Dissecting the structure, dynamics and mechanism of drug efflux pumps associated with antimicrobial resistance

Antimicrobial resistance is a major global health concern. In the EU alone there are ~25,000 deaths per year directly associated with drug resistant bacteria, costing an estimated €1.5 billion in extra healthcare costs and loss of productivity. Unchecked, the global death toll is predicted to exceed 10 million per year, costing over 100 trillion dollars in loss of productivity by 2050. As well as the need for new drug discovery, developing the means to combat resistance itself, by inhibiting known resistance mechanisms, is a promising approach, as it could breathe new life into drugs currently rendered ineffective and prolong the effectiveness of newly developed drugs.

One of the most effective mechanisms bacteria have developed to resist the effects of antimicrobial agents is to pump them out of the cell before they can do any damage. Multidrug resistance transporters are transmembrane molecular machines responsible for the majority of drug efflux in bacteria. Single multidrug resistance transporters can expel a huge range of structurally diverse substrates, thus undermining the efficacy of a wide variety of drugs in one fell swoop. Understanding the mechanisms of drug efflux transporters, and ways of inhibiting them, will increase both the efficacy and longevity of current and future antimicrobial agents.

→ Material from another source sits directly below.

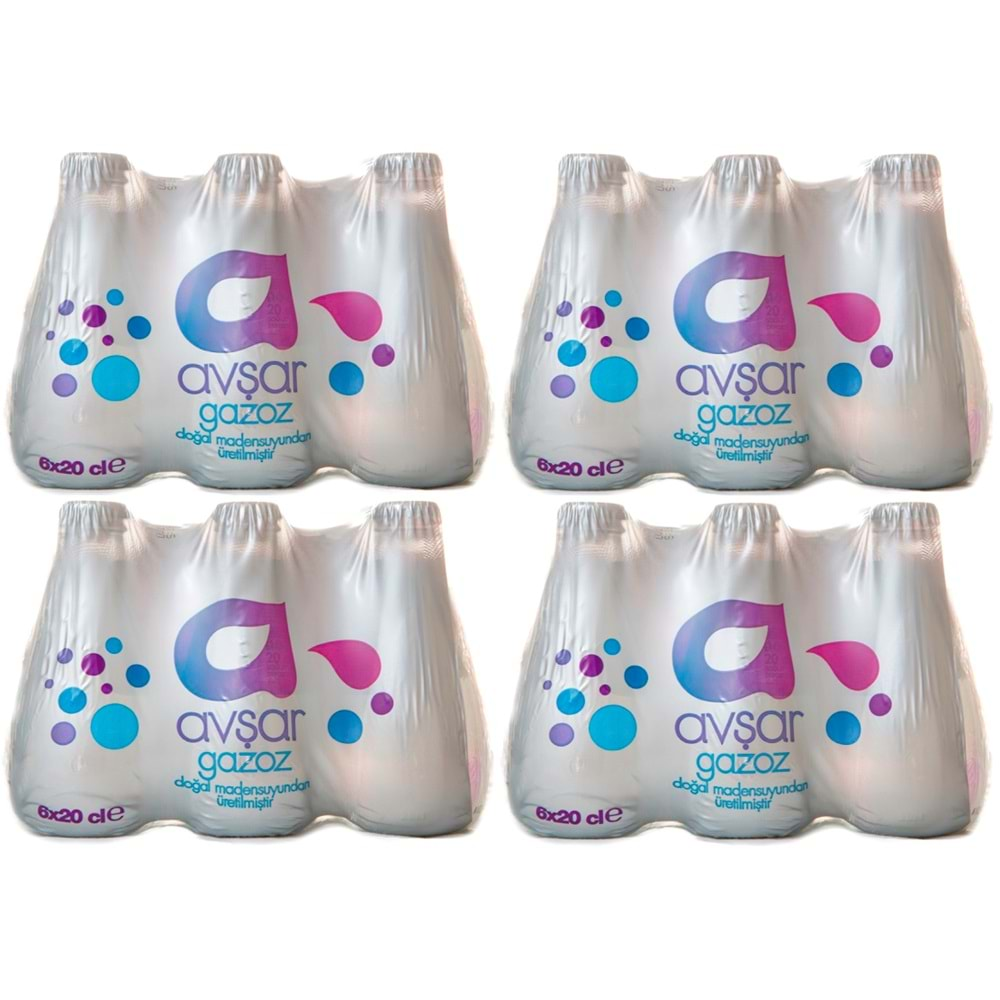 Avşar Gazoz 200 ml. 24 lü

This project will focus on understanding the molecular mechanisms of secondary active drug efflux pumps; in particular those from the multidrug and toxic compound extrusion (MATE) family of transporters. MATEs confer resistance to several pathogenic bacteria, including Escherichia coli, methicillin-resistant Staphylococcus aureus (MRSA) and Clostridium difficile. Much is known about the structure of the MATE transporters from crystallographic studies; yet the mechanism by which these transporters pump drugs across the membrane remains elusive. The goal of this project is to probe the structure, function and dynamics of several members of the MATE family to understand how they work. The project will focus on three major questions; how do these proteins recognise such a diverse range of drugs; how do they harness an energy source and couple it to drug pumping, and what conformational changes are required for this process? To do this, the structure and activity of the MATE transporters will be probed using assays in bacterial cells as well as with purified protein in detergent solution and reconstituted into proteoliposomes (purified protein inserted into artificial membranes). A suite of molecular biology methods, as well as biochemical and biophysical tools, including spectrofluorometry, chemical crosslinking, and advanced in vitro transport assays, will be used to elucidate the mechanism of drug efflux.

A thorough mechanistic understanding how these transporters work will give us a better understanding of this important antimicrobial resistance mechanism and potentially provide a basis for future drug design.